Depression is slavery. It is a song so hideous and horrible that its listeners must curl up and cover their ears, shutting out all other voices with it. There is not merely a lack of objects to which hope can be attached, but a realization that hope never existed to begin with. It is a stone around your neck in the sea. Every breath becomes a desperate and panicked gasp for survival. It is the promise that there is no King or kingdom; no mother with her arms wide open; no treasure to share, and no parade to dance in. There is only nothing. God is dead. And contrary to the insistence of the intelligentsia, when God dies, all hope and order and goodness die with Him. The only thing this bleak and desperate landscape has in common with the Gospel is that it too can be experienced with unwavering certainty.

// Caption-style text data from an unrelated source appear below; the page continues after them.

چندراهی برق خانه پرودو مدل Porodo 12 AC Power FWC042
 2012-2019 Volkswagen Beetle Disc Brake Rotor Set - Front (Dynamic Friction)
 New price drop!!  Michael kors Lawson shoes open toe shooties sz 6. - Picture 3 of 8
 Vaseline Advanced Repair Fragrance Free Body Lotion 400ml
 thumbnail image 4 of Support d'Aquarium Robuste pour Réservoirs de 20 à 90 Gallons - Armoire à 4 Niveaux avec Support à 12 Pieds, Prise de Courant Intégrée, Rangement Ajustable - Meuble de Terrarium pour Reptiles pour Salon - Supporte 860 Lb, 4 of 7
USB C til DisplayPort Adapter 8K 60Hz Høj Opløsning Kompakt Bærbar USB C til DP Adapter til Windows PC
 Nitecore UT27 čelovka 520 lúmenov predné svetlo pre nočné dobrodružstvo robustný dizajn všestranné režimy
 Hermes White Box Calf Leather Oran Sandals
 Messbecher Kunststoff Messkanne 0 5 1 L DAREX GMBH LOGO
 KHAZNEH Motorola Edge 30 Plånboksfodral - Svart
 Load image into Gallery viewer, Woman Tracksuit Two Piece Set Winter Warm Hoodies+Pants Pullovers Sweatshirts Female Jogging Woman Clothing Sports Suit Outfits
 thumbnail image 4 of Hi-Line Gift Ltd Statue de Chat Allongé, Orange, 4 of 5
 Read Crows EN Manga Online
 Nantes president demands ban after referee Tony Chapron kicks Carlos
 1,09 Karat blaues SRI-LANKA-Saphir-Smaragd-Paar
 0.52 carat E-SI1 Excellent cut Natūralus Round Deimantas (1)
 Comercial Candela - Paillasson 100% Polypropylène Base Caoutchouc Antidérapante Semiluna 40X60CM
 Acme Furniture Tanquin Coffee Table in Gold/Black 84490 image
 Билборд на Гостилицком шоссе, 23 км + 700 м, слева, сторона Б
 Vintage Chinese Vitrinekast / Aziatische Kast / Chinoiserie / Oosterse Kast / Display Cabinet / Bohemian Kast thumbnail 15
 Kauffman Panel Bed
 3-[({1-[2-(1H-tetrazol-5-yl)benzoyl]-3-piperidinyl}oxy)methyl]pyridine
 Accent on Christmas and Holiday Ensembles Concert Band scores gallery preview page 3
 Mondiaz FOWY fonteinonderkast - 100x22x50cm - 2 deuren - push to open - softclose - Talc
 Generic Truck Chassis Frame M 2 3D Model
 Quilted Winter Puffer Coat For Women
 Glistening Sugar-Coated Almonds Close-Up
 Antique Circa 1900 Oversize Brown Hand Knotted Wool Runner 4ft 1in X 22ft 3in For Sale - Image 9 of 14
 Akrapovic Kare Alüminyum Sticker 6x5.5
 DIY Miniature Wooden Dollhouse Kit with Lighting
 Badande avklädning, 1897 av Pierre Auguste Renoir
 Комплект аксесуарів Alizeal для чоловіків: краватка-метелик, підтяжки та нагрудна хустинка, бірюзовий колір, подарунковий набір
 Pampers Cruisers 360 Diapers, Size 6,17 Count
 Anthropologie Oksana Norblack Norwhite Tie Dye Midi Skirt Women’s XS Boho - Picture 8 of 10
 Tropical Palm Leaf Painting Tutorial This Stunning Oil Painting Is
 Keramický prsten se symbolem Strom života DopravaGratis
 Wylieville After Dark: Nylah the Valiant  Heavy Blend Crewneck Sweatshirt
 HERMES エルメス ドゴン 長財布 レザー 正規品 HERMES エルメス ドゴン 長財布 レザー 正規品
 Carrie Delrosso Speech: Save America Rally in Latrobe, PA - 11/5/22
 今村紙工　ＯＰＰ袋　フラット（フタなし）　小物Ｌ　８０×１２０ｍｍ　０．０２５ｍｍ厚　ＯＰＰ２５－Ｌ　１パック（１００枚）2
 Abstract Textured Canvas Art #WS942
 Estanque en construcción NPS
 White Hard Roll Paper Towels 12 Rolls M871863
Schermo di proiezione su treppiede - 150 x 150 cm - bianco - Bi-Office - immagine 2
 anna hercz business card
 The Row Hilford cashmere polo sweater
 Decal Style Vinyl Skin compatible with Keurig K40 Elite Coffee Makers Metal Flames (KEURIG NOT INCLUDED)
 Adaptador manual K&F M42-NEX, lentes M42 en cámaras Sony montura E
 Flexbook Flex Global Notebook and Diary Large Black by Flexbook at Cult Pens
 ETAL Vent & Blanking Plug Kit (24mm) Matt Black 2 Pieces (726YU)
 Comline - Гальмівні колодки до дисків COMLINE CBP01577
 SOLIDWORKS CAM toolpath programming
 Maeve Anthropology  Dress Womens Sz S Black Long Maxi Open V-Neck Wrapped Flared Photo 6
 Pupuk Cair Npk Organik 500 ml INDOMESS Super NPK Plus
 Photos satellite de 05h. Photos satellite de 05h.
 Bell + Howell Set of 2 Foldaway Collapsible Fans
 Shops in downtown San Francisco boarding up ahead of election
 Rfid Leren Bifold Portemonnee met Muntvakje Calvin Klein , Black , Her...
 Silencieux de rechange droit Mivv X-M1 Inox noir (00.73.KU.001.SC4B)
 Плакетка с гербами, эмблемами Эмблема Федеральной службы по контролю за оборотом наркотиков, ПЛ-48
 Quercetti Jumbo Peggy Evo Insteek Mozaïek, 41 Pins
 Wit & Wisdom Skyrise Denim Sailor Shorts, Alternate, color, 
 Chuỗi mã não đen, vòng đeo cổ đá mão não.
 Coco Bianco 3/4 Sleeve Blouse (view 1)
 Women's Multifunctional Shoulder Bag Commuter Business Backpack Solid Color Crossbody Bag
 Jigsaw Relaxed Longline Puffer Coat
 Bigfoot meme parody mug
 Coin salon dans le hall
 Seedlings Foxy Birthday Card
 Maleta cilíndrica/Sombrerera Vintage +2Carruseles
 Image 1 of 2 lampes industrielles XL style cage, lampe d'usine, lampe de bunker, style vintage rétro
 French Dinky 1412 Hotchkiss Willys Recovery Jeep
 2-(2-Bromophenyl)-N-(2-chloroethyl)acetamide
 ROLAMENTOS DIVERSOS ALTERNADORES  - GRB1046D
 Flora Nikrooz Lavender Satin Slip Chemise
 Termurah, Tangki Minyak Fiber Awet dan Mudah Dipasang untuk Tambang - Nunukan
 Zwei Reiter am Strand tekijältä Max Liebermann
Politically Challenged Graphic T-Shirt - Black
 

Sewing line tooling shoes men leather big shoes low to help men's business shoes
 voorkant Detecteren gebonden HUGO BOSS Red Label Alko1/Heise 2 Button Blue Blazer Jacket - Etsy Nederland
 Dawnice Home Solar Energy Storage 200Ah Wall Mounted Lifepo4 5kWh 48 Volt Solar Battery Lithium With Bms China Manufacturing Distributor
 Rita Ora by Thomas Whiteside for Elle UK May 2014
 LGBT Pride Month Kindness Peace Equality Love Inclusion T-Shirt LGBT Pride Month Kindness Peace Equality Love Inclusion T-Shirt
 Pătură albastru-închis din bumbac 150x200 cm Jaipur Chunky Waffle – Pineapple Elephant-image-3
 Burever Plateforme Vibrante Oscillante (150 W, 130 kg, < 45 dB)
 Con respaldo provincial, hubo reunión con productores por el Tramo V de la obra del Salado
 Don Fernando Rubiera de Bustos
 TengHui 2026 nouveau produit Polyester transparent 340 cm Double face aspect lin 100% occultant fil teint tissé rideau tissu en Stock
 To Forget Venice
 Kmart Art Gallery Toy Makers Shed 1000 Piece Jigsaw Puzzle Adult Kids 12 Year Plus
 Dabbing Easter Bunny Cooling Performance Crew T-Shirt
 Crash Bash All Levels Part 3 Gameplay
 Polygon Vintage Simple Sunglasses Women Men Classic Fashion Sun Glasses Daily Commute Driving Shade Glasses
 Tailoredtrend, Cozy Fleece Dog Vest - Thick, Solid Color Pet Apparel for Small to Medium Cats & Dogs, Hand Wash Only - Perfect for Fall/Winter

So here I stand. Two bands playing two songs at full volume, one on either side of me. Both played with such conviction that one would be foolish to dismiss either. To which song do I sing along? Which tune is true? Which do I hum in my head without realizing?
The truth is, I sing them both. There are days when the funeral march of depression is too loud to ignore. I find myself tapping my toe as an act of resignation, confident that the hopeless tune is true. I stomp along with the rhythm like a slog to the gallows. I hate these days. These days are thieves, and they rob me of everything I love. I long to forget the song that plays on these days.
But then there are days when the Gospel tune pours in and drowns out the hopelessness with its bright and sanguine melody. The hope of eternity fills my ears and lifts me up off the ground before I can even muster the strength to stand myself upright. The face of my Savior is smiling and sympathetic, willing to embrace me despite my habitual absence from the parade. And not content to allow me to merely hear the song, He hands me an instrument and joyfully insists that I am part of the band, and that the song sounds best when I join in. And so I do. And I forget the notes, and I am flat or sharp at times, but He insists that it’s OK because the song we are playing is true, and good, and the Composer is pleased to hear it. I love these days. These days are gifts, and they fill me to overflowing with all I need. I ache to commit to memory every note of the song that plays on these days.
So I struggle. I hear two tunes, both claiming exclusive rights to truth. And I sing them both. I dream of the day when I will sing only one. But in the interim, I choose to allow one to ring slightly truer than the other. I hope in it, because I suspect it is the song my ears were made to hear. And at times, I get to join the band and play along.